Entries below include pictures. Output exactly the lines from the one with "((masterpiece, highest quality:1.2)),in" down to the one with "Mulukaya 24Pcs Camping", both ends included, and leave the pictures out.

Image-text web data:
--*--
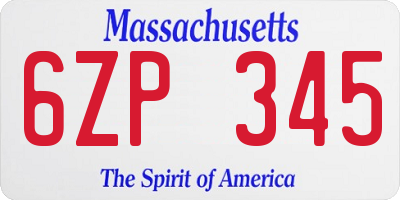 MA license plate 6ZP345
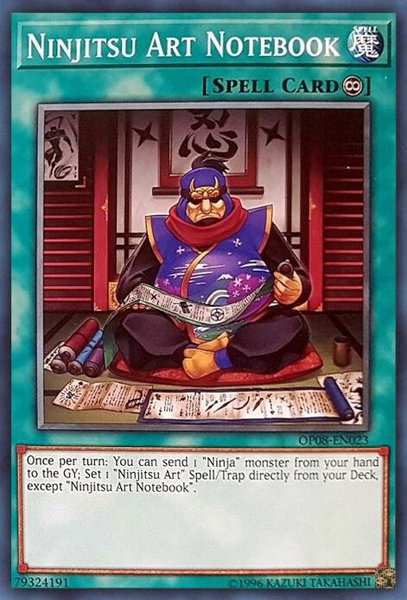 Ninjitsu Art Notebook trading card from OTS Tournament Pack 8 Ninjitsu Art Notebook - OTS Tournament Pack 8 YuGiOh trading card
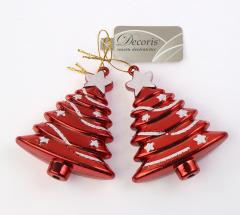 Decoratiune Craciun  - Decoris Tree with Glitter, 2 pieces 7x9cm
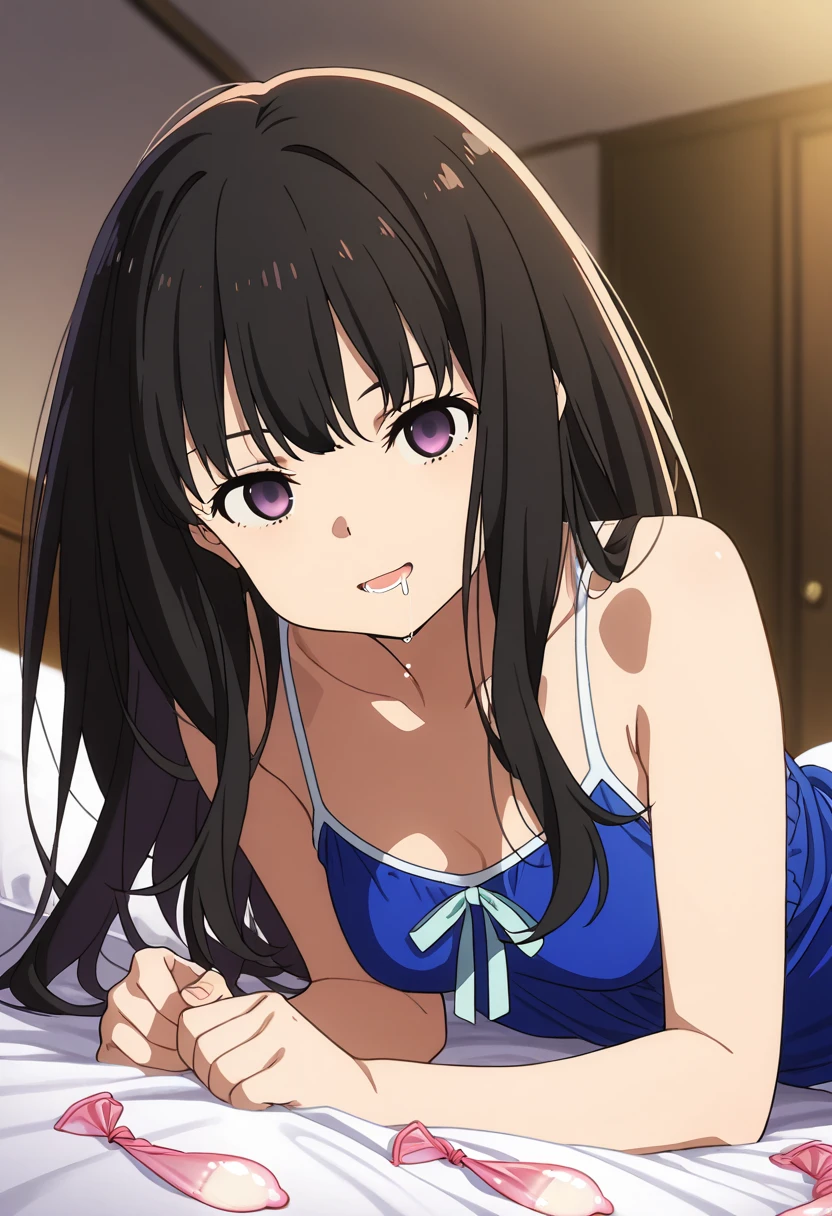 ((masterpiece, highest quality:1.2)),in perspective,cowboy shot,1woman,18 year old beauty、solo,long hair,dark purple hair,(very small head),shy,smile,slender and long body,skinny,medium breasts,oily skin,shiny skin,Waking up、Tank top、panties、lying,Simple bed、simple interior、early morning、Tokyo、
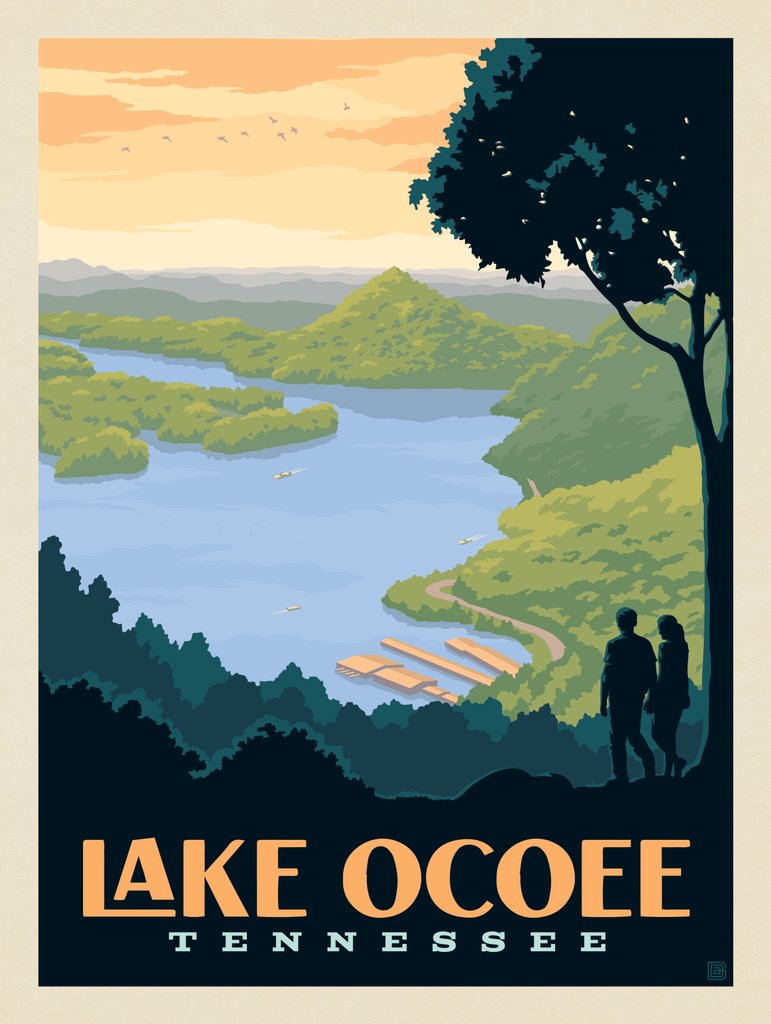 Lake Ocoee, TN - Postcards - Artwork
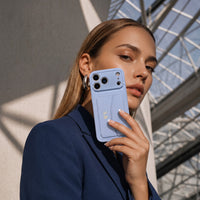 Light Blue Leather iPhone Case With Card Holder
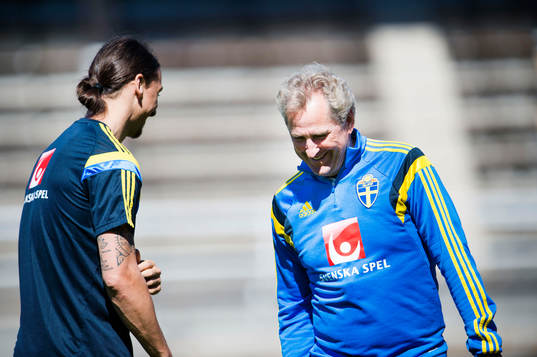 Sveriges Zlatan Ibrahimovic pratar med förbundskapten Erik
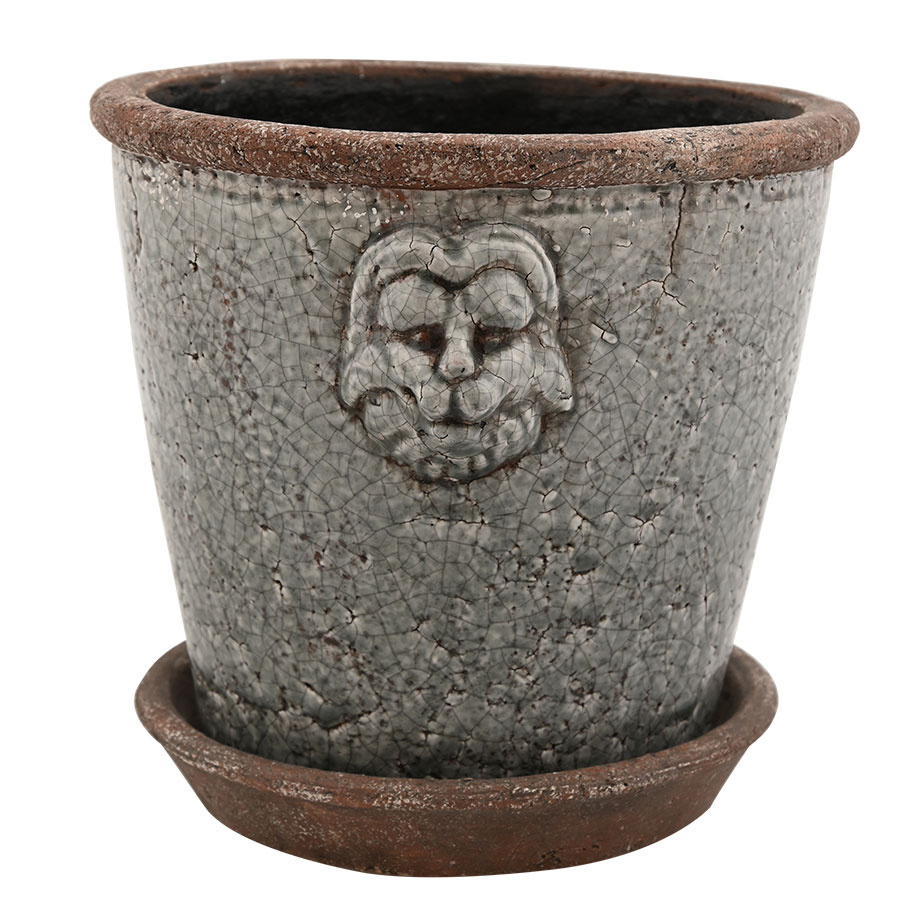 POT LION LARGE GREY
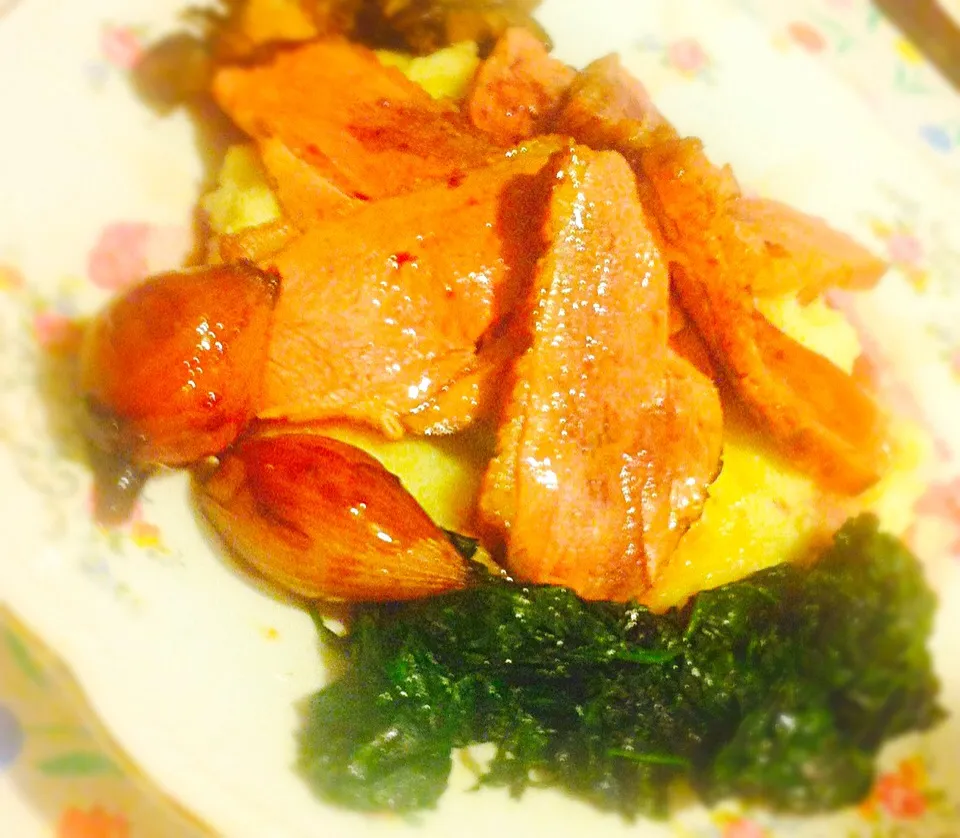 Duck#blueberries sauce#potato#spinach#mushroom#|ikkiaさん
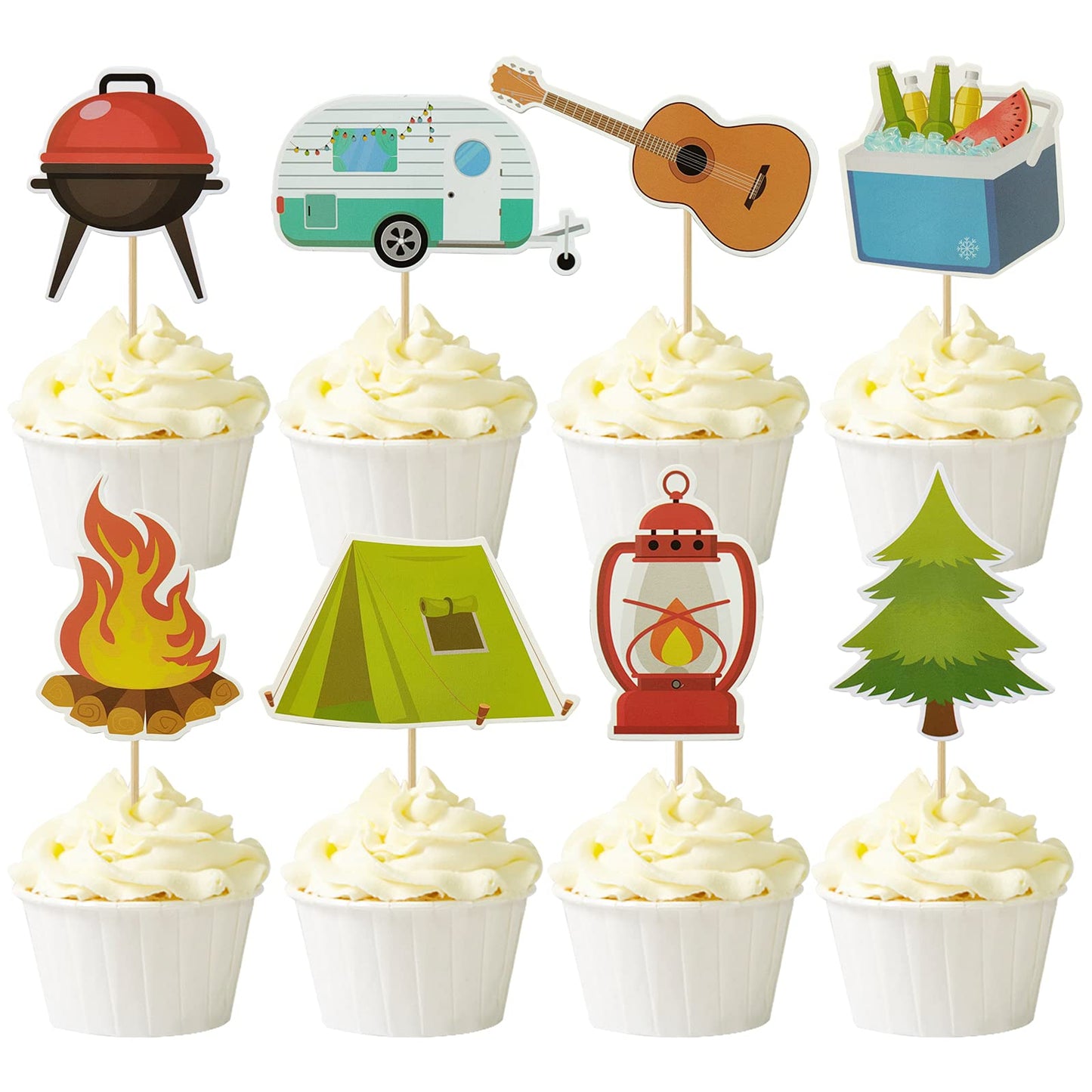 Mulukaya 24Pcs Camping Cupcake Toppers - Tent, Bonfire, Guitar - Birthday Party Cake Decoration Supplies
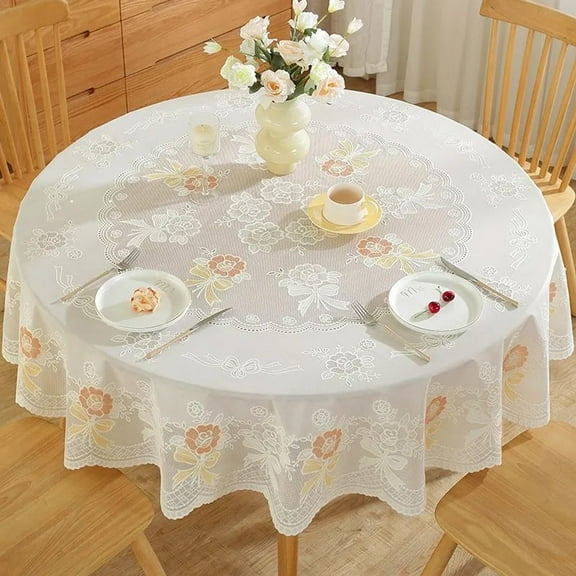 Elegant PVC Lace Round Tablecloth - Reusable, Waterproof & Oil-Proof Dining Table Protector Mat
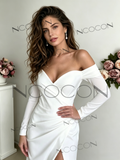 Off Shoulder Long Sleeve Satin A-Line Wedding Dress with Slit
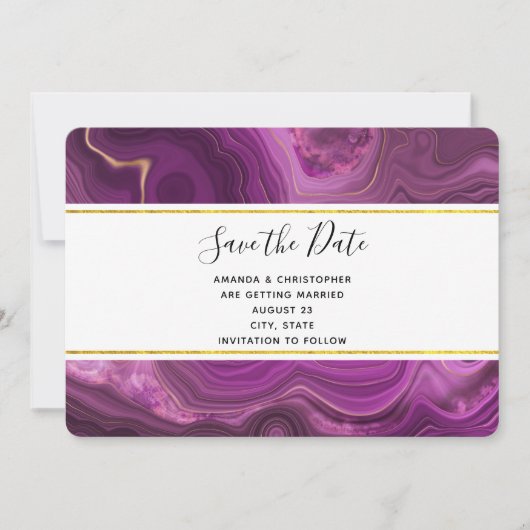 Lila Amethyst- und Gold-Abstrakt Agate-Hochzeit Save The Date (Vorderseite)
--*--
* _ANSWER FOR THE TASK_:
 ((masterpiece, highest quality:1.2)),in perspective,cowboy shot,1woman,18 year old beauty、solo,long hair,dark purple hair,(very small head),shy,smile,slender and long body,skinny,medium breasts,oily skin,shiny skin,Waking up、Tank top、panties、lying,Simple bed、simple interior、early morning、Tokyo、
 Lake Ocoee, TN - Postcards - Artwork
 Light Blue Leather iPhone Case With Card Holder
 Sveriges Zlatan Ibrahimovic pratar med förbundskapten Erik
 POT LION LARGE GREY
 Duck#blueberries sauce#potato#spinach#mushroom#|ikkiaさん
 Mulukaya 24Pcs Camping Cupcake Toppers - Tent, Bonfire, Guitar - Birthday Party Cake Decoration Supplies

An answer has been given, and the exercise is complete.